Speaker 1: 00:00 Next week. San Diego City Council members are scheduled to vote on a major change to the city's affordable housing policy. The goal is to push the private market to more heavily subsidized homes for the poor KPBS Metro reporter Andrew Bowen says some developers are warning of unintended consequences.

Speaker 2: 00:21 Okay.

Speaker 3: 00:21 The intersection of Kansas Street and Howard Avenue in North Park construction crews are putting up the framing of a new apartment

Speaker 2: 00:28 building.

Speaker 3: 00:32 Come next year, this project will add 24 new homes to one of San Diego's most walkable bikeable transit rich neighborhoods. Three of these homes will be affordable to very low income households in San Diego. That could mean a single parent with one child making about $43,000 a year. These are two story of living spaces and then the bedrooms off of the side and then they'll have a loft. You can see up the up there. Barry Virile is this building's architect and developer. His project made use of the city's density bonus program, which gives developers a pass on certain regulations if they set aside and subsidize a portion of their homes for low income renters. Varroa says incentives are the best way to fix the housing crisis. There's a lot of developers that want to do the right thing and provide affordable housing as well. We just need to create the right atmosphere to where that can be done.

Speaker 3: 01:26 But varroa is wary of a new affordable housing proposal going before the city council on Tuesday. Council President Georgette Gomez is asking her colleagues to update the city's inclusionary housing policy. Right now if a developer chooses not to include low income housing in their project, they have to pay a fee. The fees to support affordable housing elsewhere. Gomes wants to nearly double that fee. She says the policy is 16 years old and in need of an update a long time ago. The conditions have completely changed. The demand for affordable housing are completely different than what they were in 2003 so it was time.

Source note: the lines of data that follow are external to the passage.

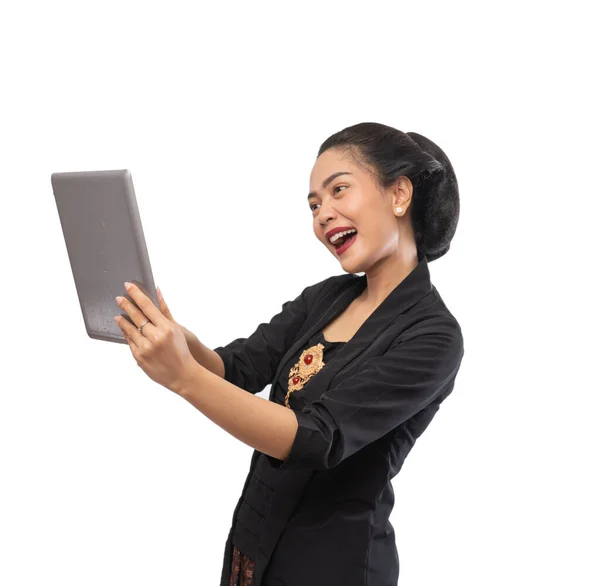태블릿 컴퓨터를 사용하는 키바 야를 가진 행복 한 아시아인 여성 — 스톡 사진
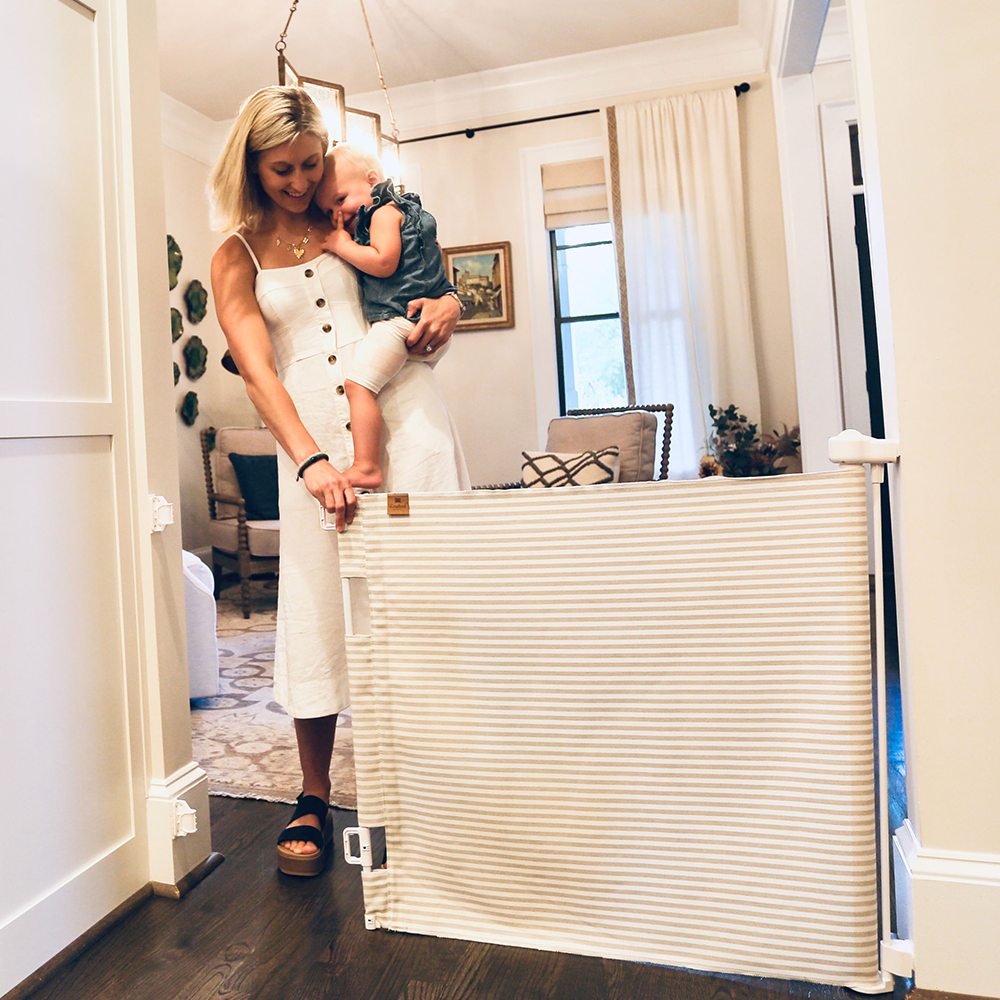 Baby & Pet Safety Gate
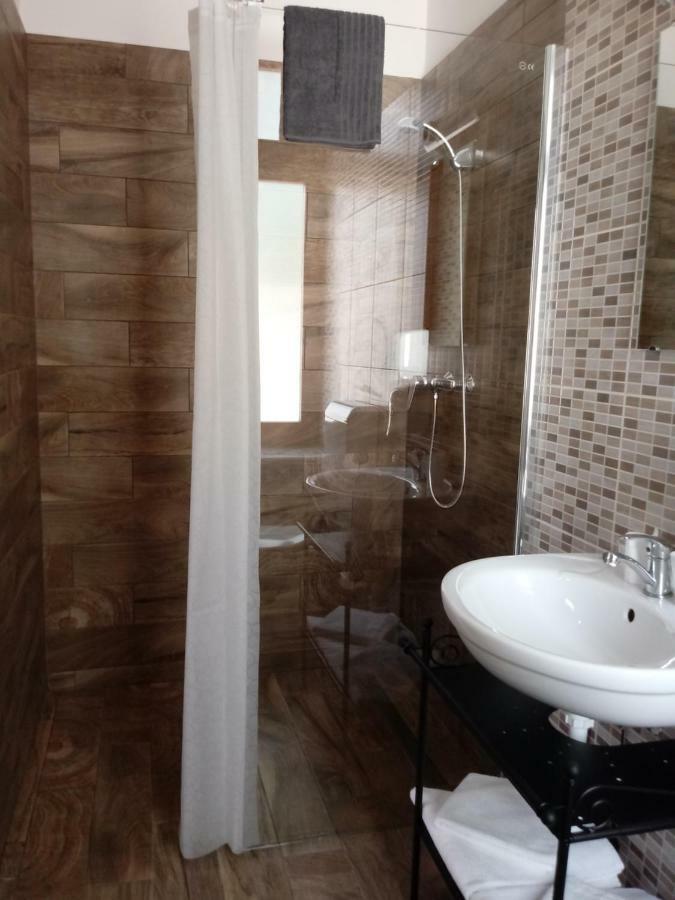 Promenade Panzio Bed & Breakfast Miskolc Ngoại thất bức ảnh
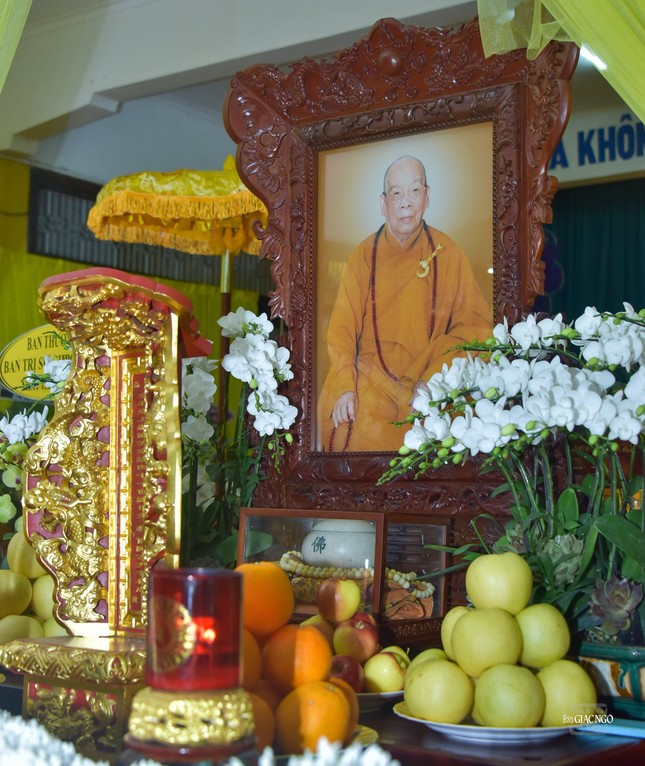 Bình bát, y hậu và chuỗi hạt - những pháp cụ của người xuất gia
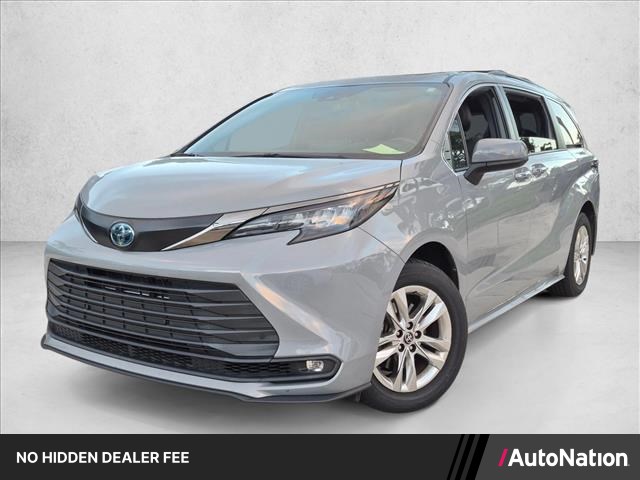 Cement 2022 Toyota Sienna Minivan All-Wheel Drive Automatic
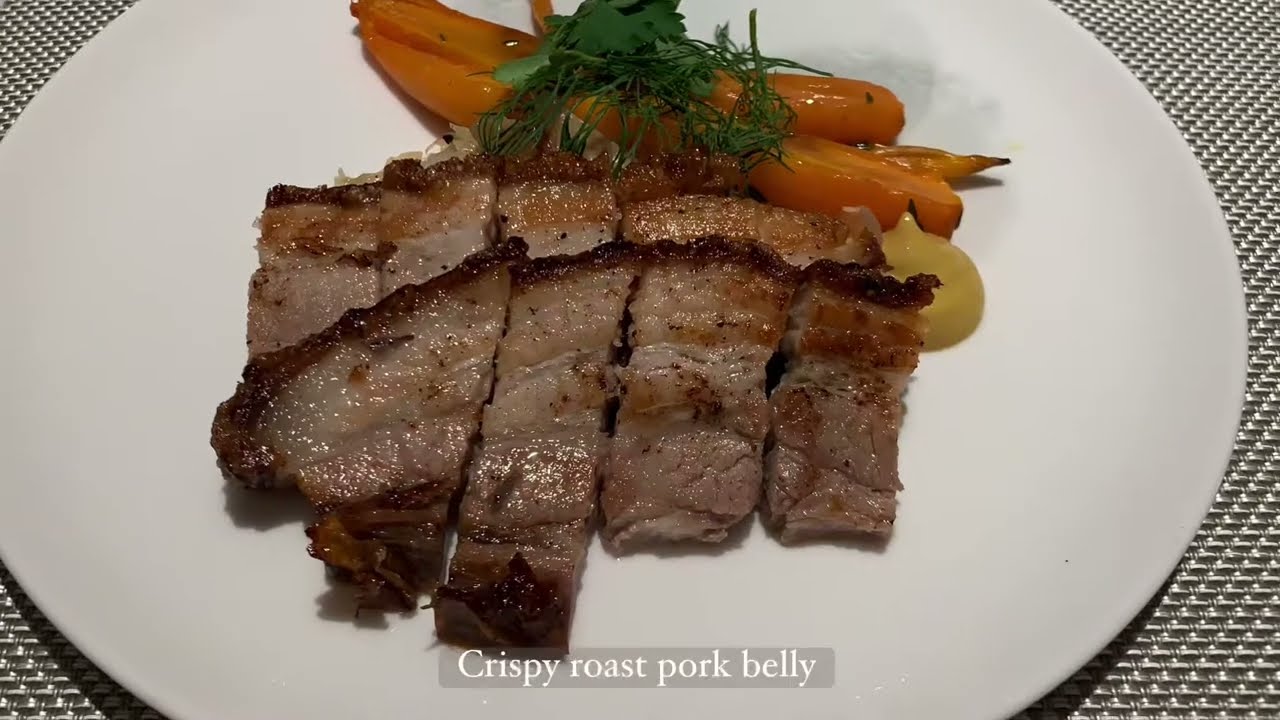 The Qantas Singapore Lounge thumbnail
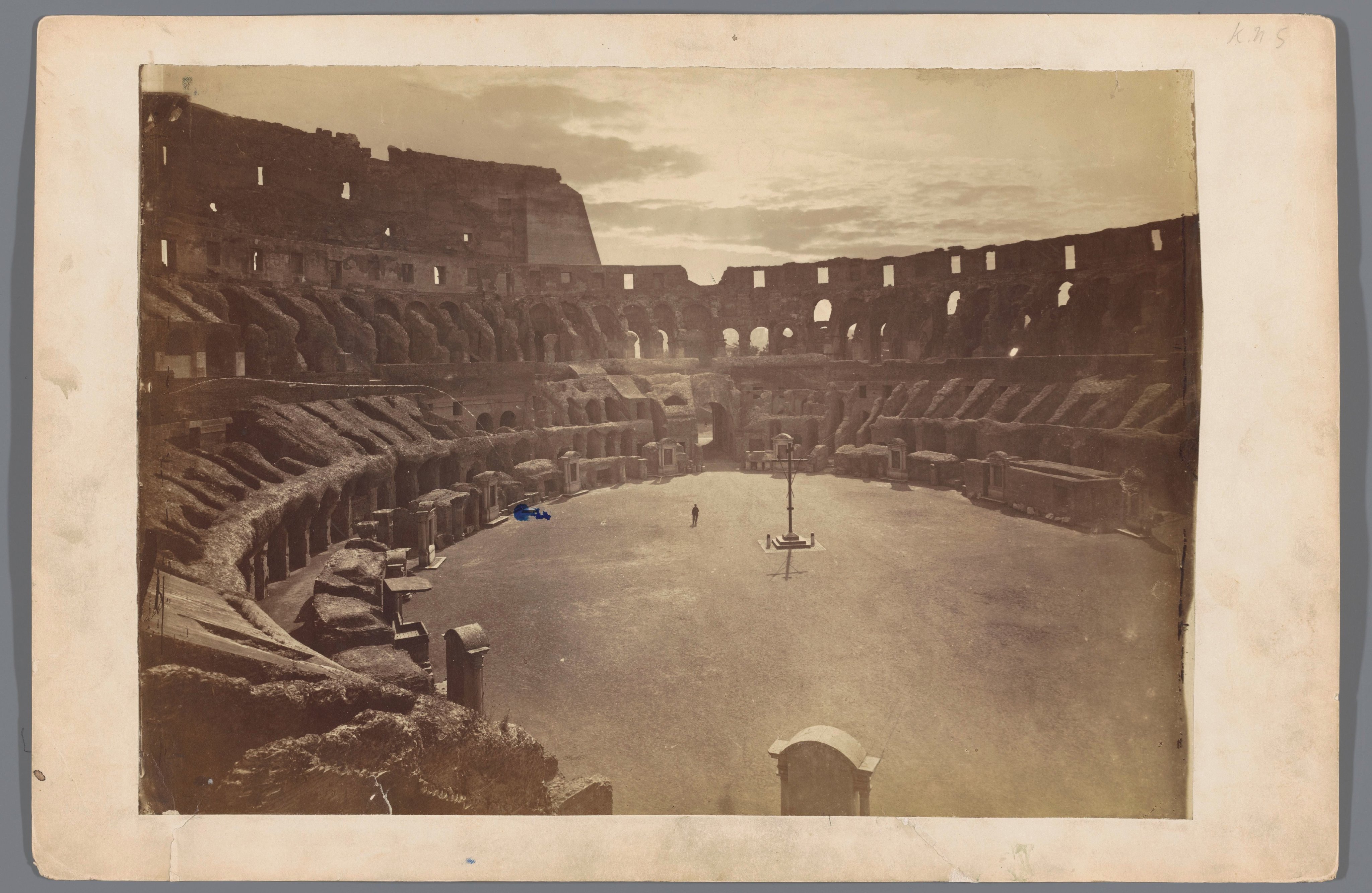 Interieur van het Colosseum in Rome in avondlicht, Italië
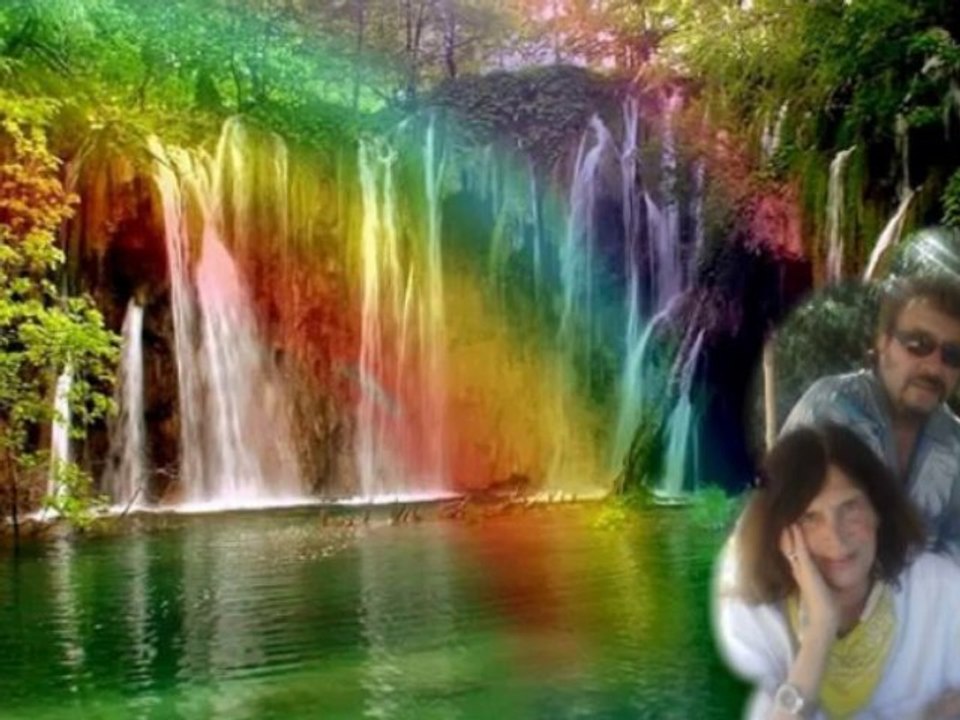 Jhohn barklay   chante   dans  la  ville   des  ames   en  peine      de   Jhohnny   hallyday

I think I should have been done earlier, but no one wanted to look at it. Gomez also wants to require developers to charge cheaper rents for the low income units when they do include them in their projects and she wants to give developers a few extra options for how to avoid paying the fees, like donating a piece of land for future affordable housing.

Speaker 3: 02:27 That's huge. That's actually one of the things that is getting that it's not getting more attention, but the developers love that. They think that was very creative because there's different ways in which we can meet the need. Right, and all of it will benefit. So I do believe right now that what I'm proposing is something that is not going to kill the market. A. And. B, it's it's responsive to the crisis. Gomez included some developers in a six month long outreach process. She commissioned a study that found most projects could absorb the costs of her stricter policy without major impacts. Still, she says she's not surprised to developers have lined up against her proposal. I think they would have opposed to anything I would have presented. I'm not saying that this is going to resolve the crisis at all, but when we get more funding, if developers choose to pay the fee, um, with that get us to supporting more housing. Yes,

Speaker 4: 03:26 there's a lot of good intentions, but sometimes those good intentions have negative outcomes.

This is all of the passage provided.